I had been invited to join a panel judging a literary prize. It was a serious opportunity for the writers who entered and had been created, like most literary prizes, to provide a publicity vehicle for the careers of those we judged the winners. Tired of meeting in offices and one another’s houses, we decided to have our final judges’ meeting in a traditional little French restaurant which happened, by coincidence, to be opposite the entrance to the hotel where I had spent a merry week with the reality show winner just a few months before.
Since one of our party was a regular at the restaurant we were given a table in the window. As the meal progressed and we debated the relative strengths of the competition entries, I noticed that people were gathering in the street outside the hotel.
As our discussion continued the crowd swelled and I saw that many of them knew each other and were carrying cameras. They were chatting amongst themselves with apparent casualness.
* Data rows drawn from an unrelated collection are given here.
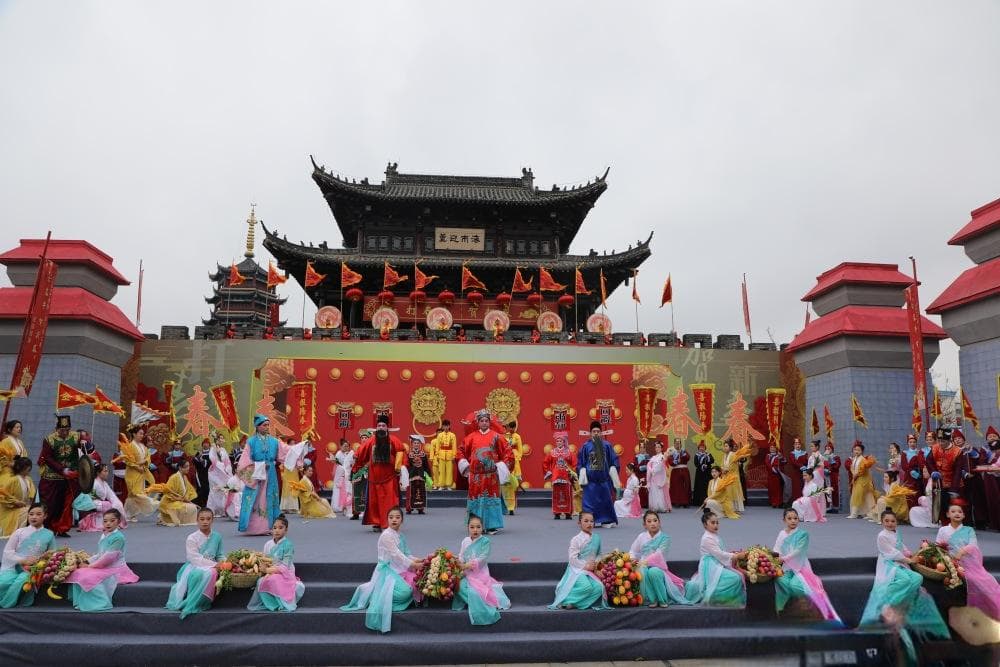 祈福迎祥！盐城阜宁"打春牛"民俗热闹上演
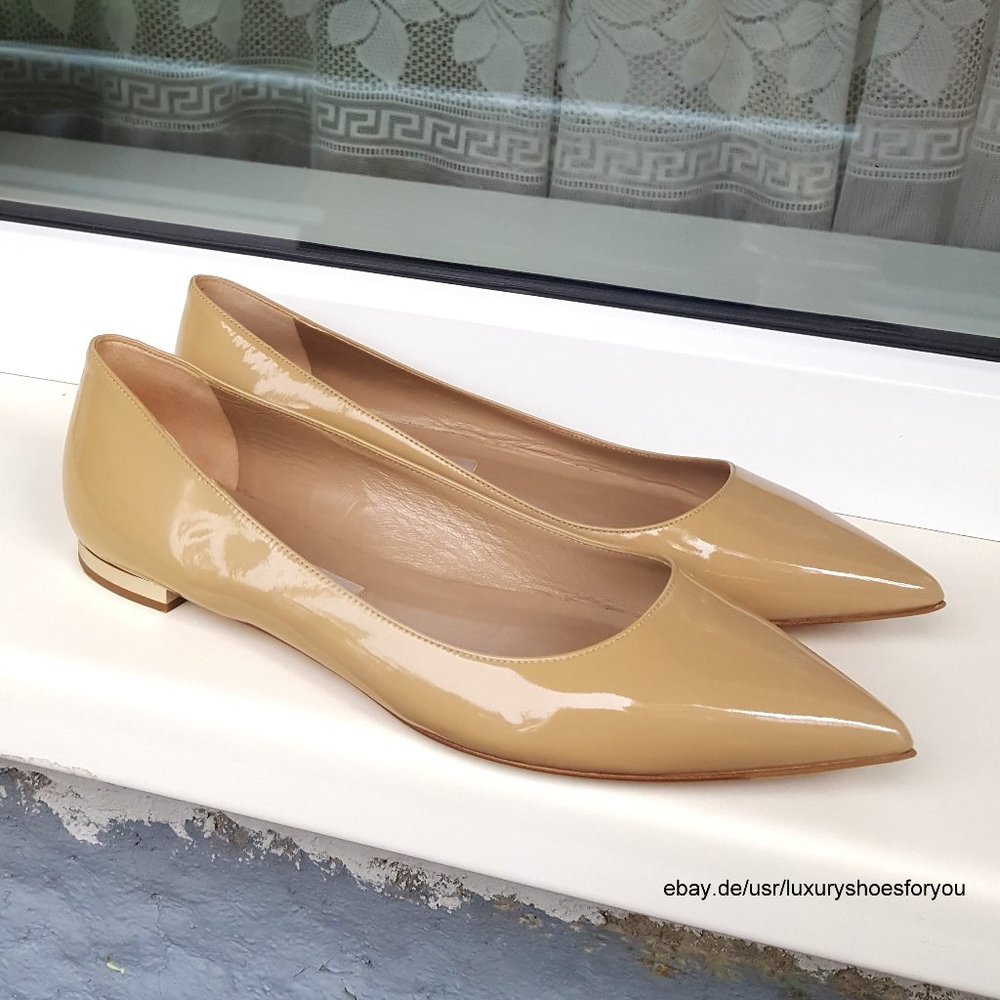 BURBERRY Beige Patent Leather Flats size EUR 39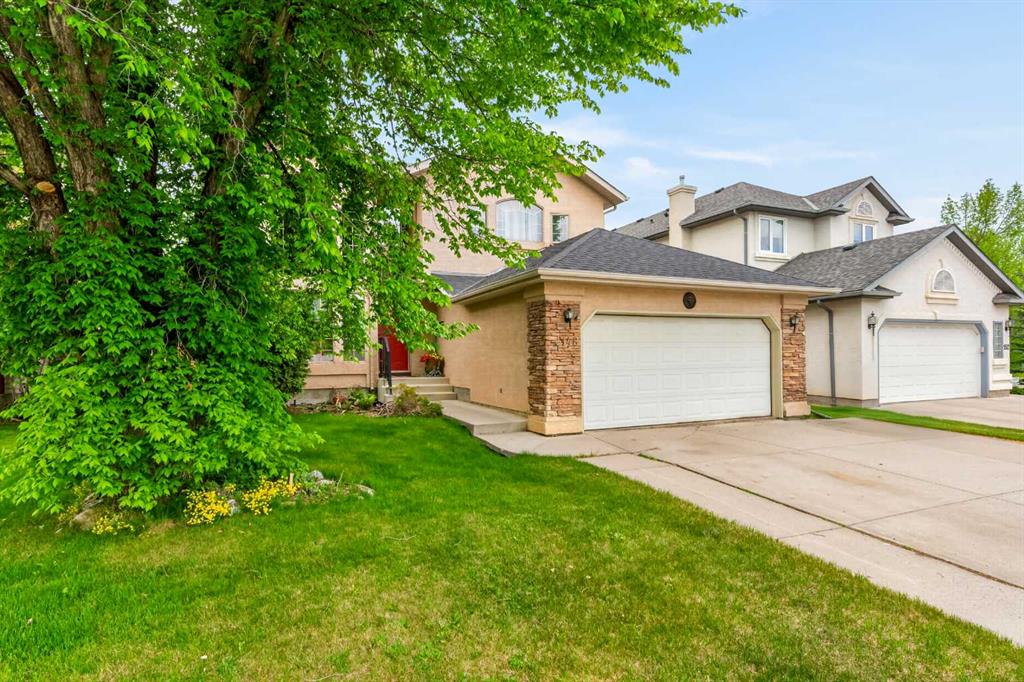 Picture of 148 Sierra Madre Crescent SW, Calgary Real Estate Listing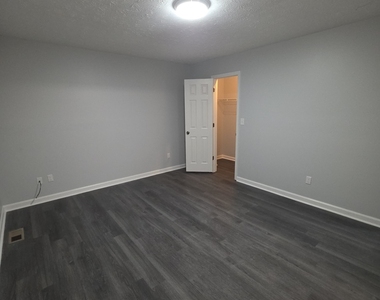 6702 Chupp Road - Photo Thumbnail 12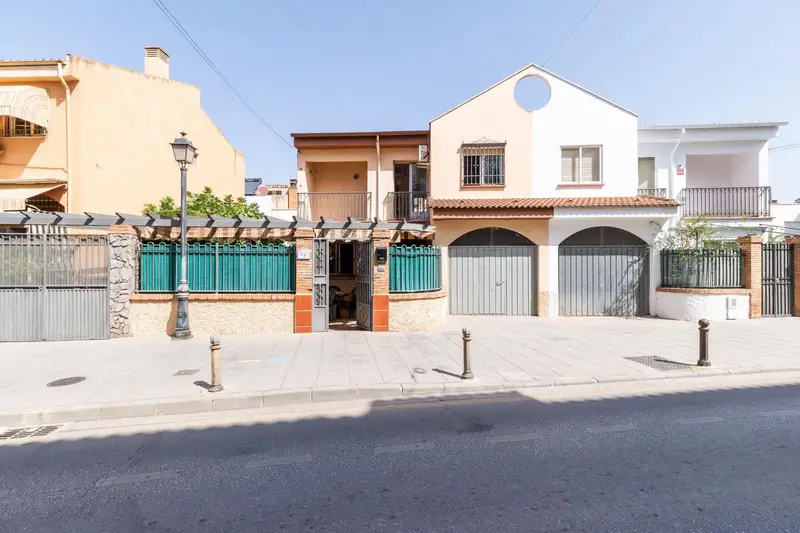 Chalet Pareado en La Zubia Granada: 3 Dormitorios 2 Banos Jardin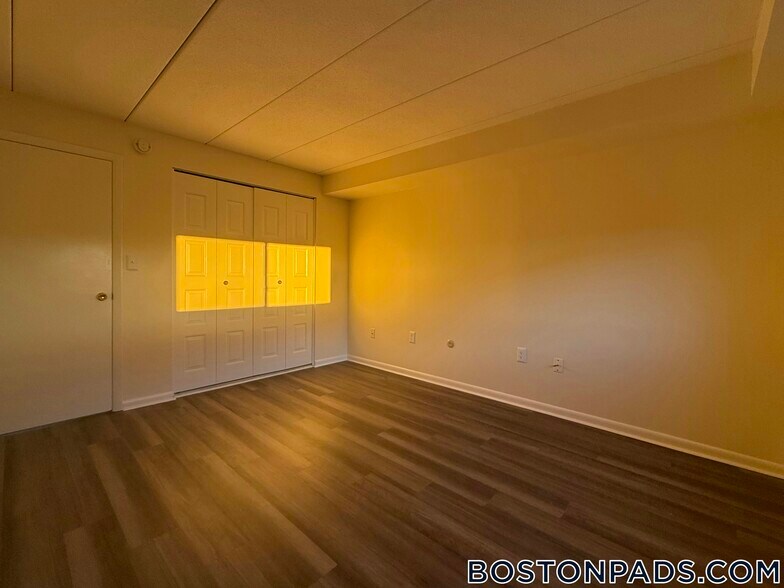 Building Photo - 51 Hill Rd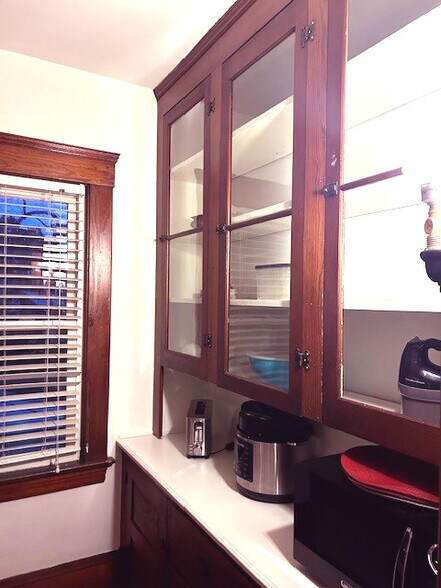 Building Photo - 1567 Wagar Ave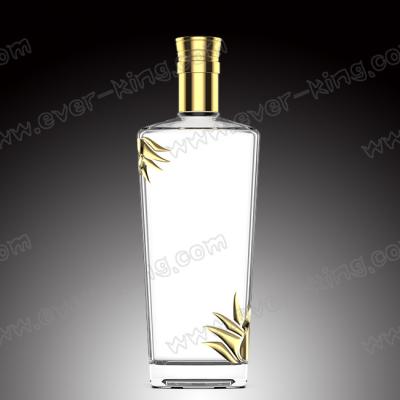 China El Tequila de cristal del casquillo de Ropp del tornillo embotella Customed vacío claro en venta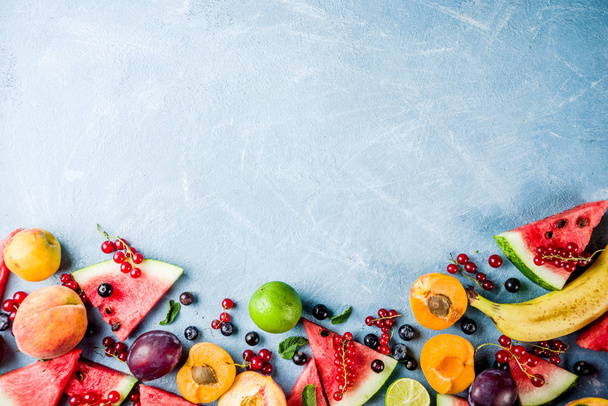 Nyári vitamin élelmiszerek fogalmát, különböző gyümölcsök és bogyók görögdinnye őszibarack menta szilva sárgabarack blueberry ribizli, kreatív lapos feküdt a világoskék háttér felülnézet másol hely - Fotó, kép
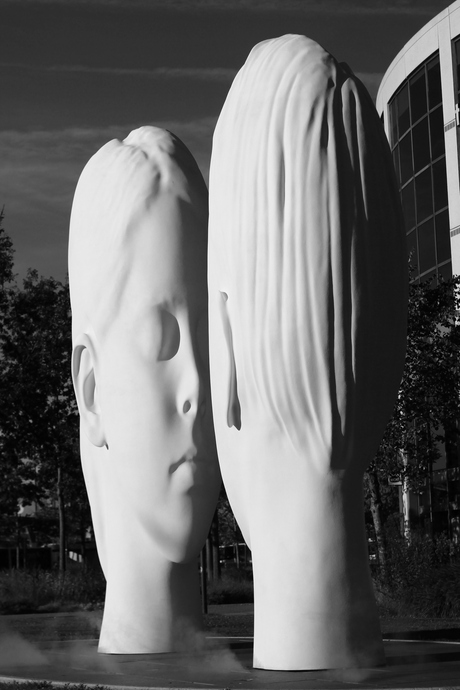 Love, 2 witte beelden van een jongen en een meisje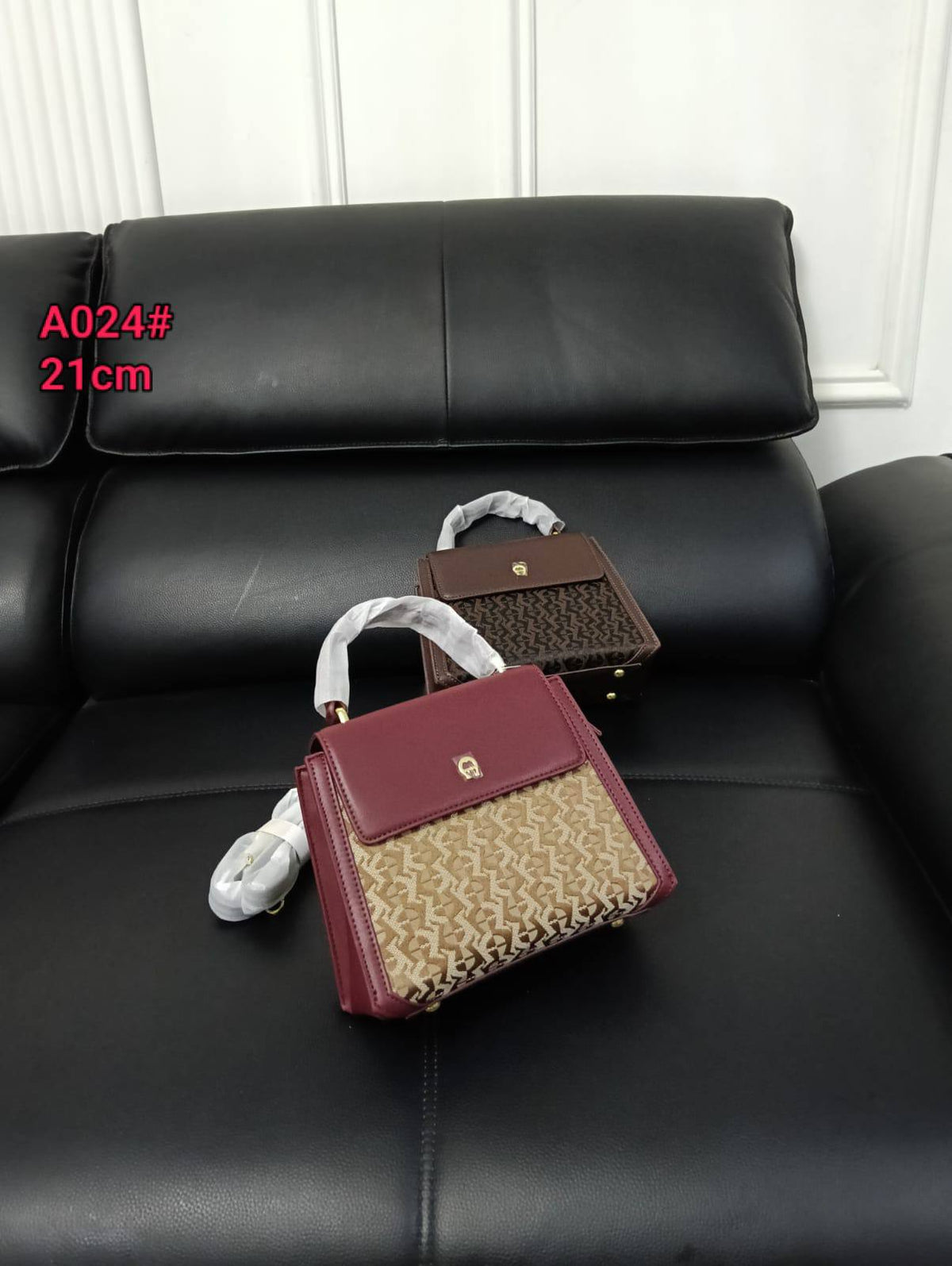 Aigner
100 dhs🇦🇪🇦🇪

size 21cm
High quality

Zain26
♥️♥️♥️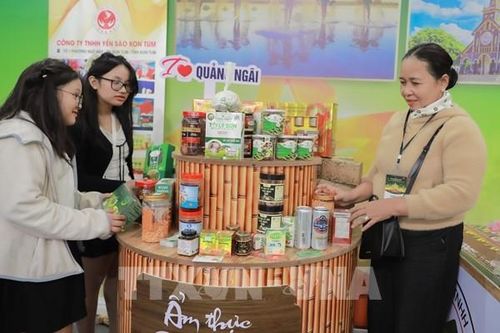 Hội chợ mùa Thu 2025: Nơi khám phá hương vị ẩm thực ba miền ngay giữa lòng Thủ đô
Curious members of the public paused to see what was about to happen and it was beginning to be hard for the traffic to pass.
The moment Paris Hilton, the ‘It Girl’ of the day, stepped out of the hotel entrance the relatively tranquil scene boiled up as the photographers elbowed one another and the tourists out the way, clambering over the bonnets and roofs of parked cars in their attempts to snatch their pictures.
A few hours later, as I made my way home through Victoria Station, I saw the star’s face shining out from the front page of the evening paper. If only we could conjure up such feats of publicity for the young writers hoping that we were going to make them famous.